Rückstaus befürchtet

Die Pläne zeigen zunächst die Problemzonen jetziger Lösungsansätze beziehungsweise Gegebenheiten. Wenn der Bahnübergang beim Bahnhof geschlossen und die jetzige Wiesenbrücke nur noch für den Fuß- und Radverkehr nutzbar ist, wird sich der Blick zunächst auf den Bahnübergang Bahnhofstraße/Wiesenstraße konzentrieren.

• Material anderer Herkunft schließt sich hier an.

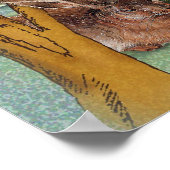 春分 ポスター (角)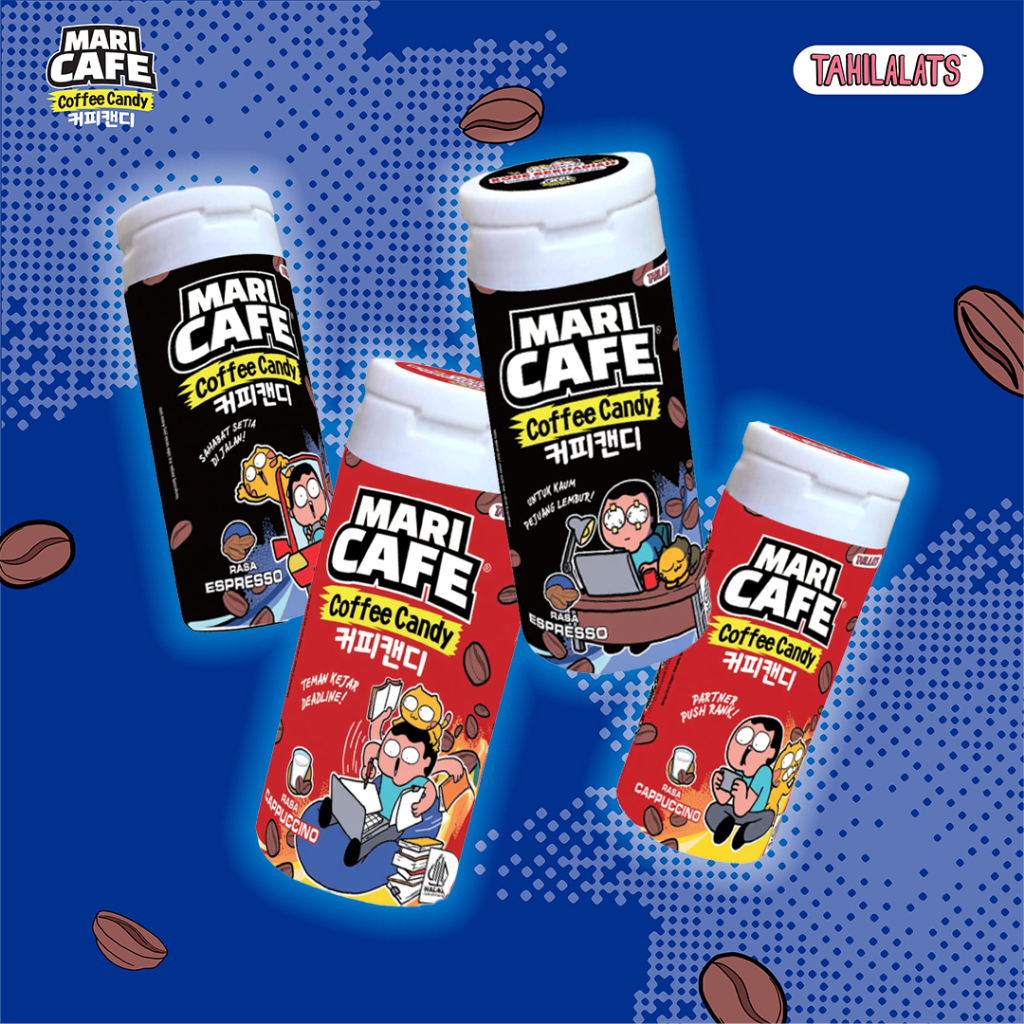 Jual MariCafe Coffee Candy Kemasan Botol - Permen Kopi Kemasan Botol ...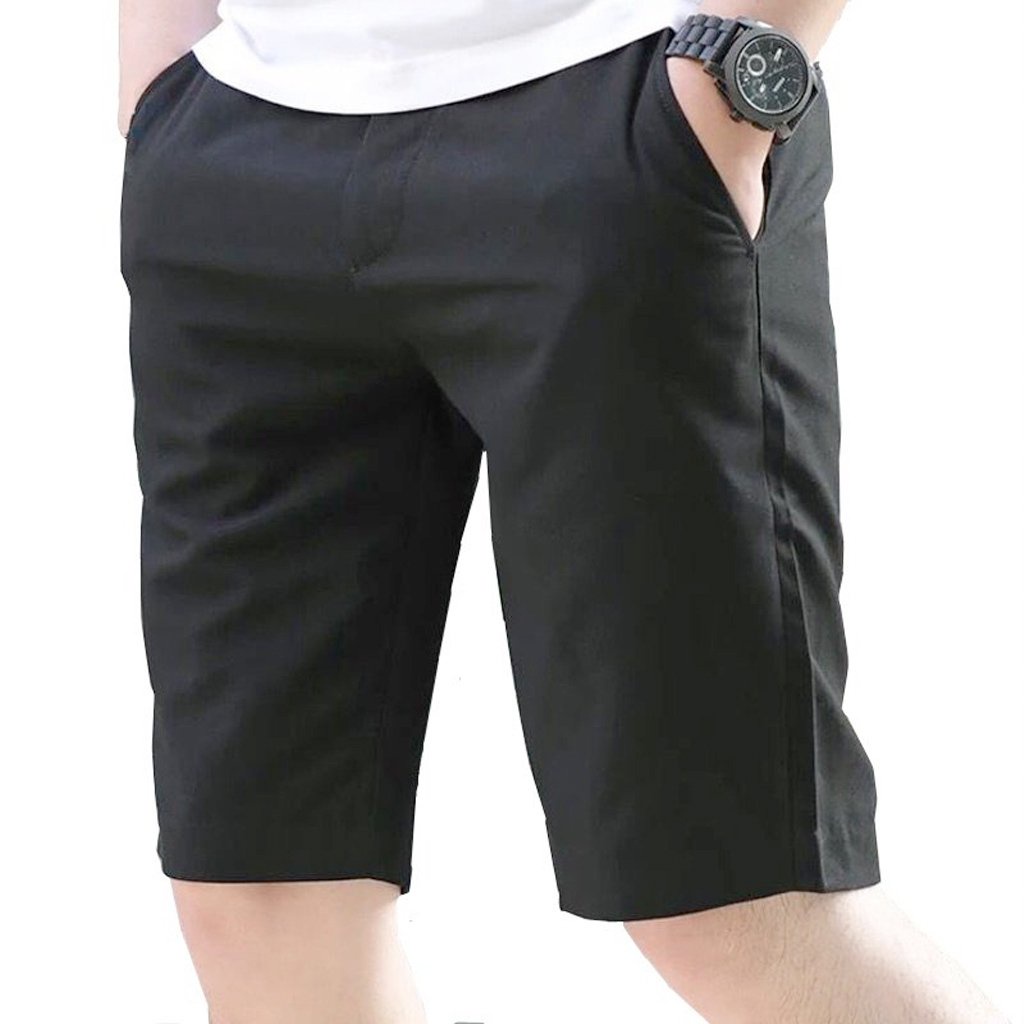 Quần Short Nam Trẻ Trung Năng Động, Quần Đùi Nam Kaki Kiểu Dáng Hàn Quốc FREDO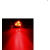 Żarówka Power LED MR16 3 Watt czerwony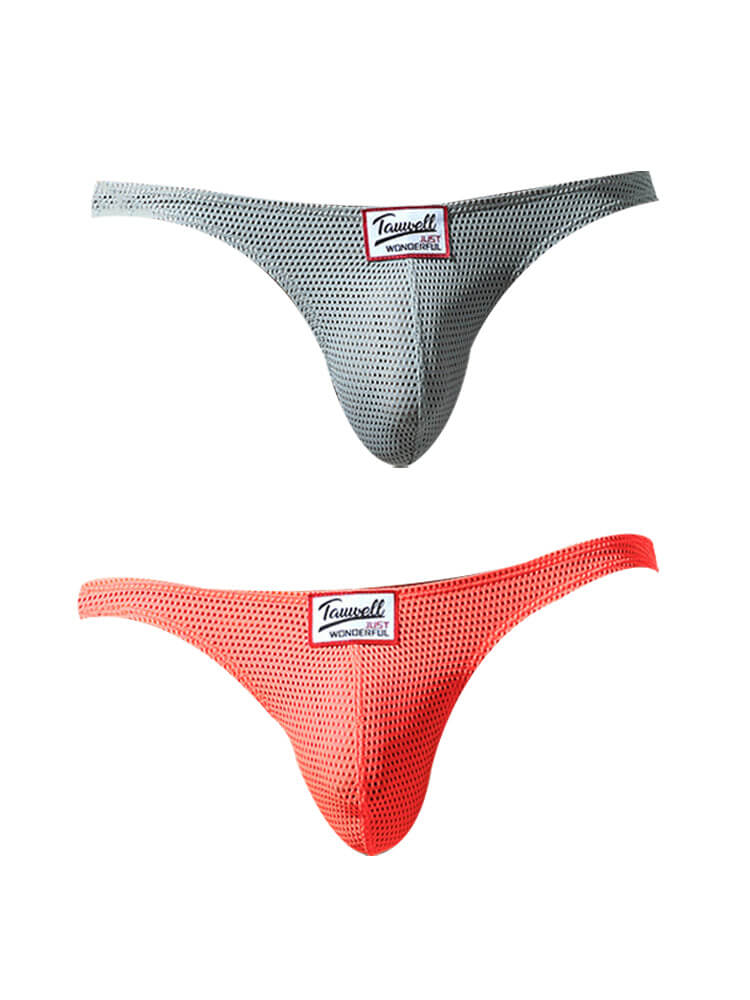 Men's Sexy Breathable Mesh High Stretch Thong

Bei der Brücke bei Fenno verhindere ein viel zu enger Radius reibungslosen Straßenverkehr. Und am Bahnübergang Bahnhofstraße/Wiesenstraße   seien erhebliche Rückstaus nicht zuletzt wegen der Schranken zu befürchten. Das, so Steck, berge die Gefahr, dass Verkehrsteilnehmer Staus und Behinderungen über Umwege durch benachbarte Straßen innerorts umfahren.

Alle diese Probleme will die SPD mit dem Vorschlag lösen, den anschließend Martin Kickhöfen vorstellte. Im Mittelpunkt: die Zweibrückenvariante, die im Westen Steinens Brücken über die Bahnlinie und über die Wiese vorsieht und Grundlage der Diskussionen sein soll, an deren Ende die Realisierung der Lösung stehen soll, auf die Steinens Bevölkerung seit Jahrzehnten wartet.

Fest stehe: „Wenn der jetzige Übergang beim Bahnhof geschlossen und der Übergang in Höhe der Daimlerstraße offen bleibt, verlagert sich das Problem nur und behindert die Bahn in ihren Entwicklungsmöglichkeiten“, sagte Kickhöfen, der befürchtet, „dass der Bereich Daimlerstraße gar nicht geeignet ist, Lkw-Verkehr in größerem Umfang abzuleiten“.

Nach Meinung der Genossen sollten die zu treffenden Maßnahmen aber keine neuen Probleme, sondern größtmögliche Freiheiten schaffen. „Das allein sollte unser Ziel sein“, betonte der SPD-Vorsitzende.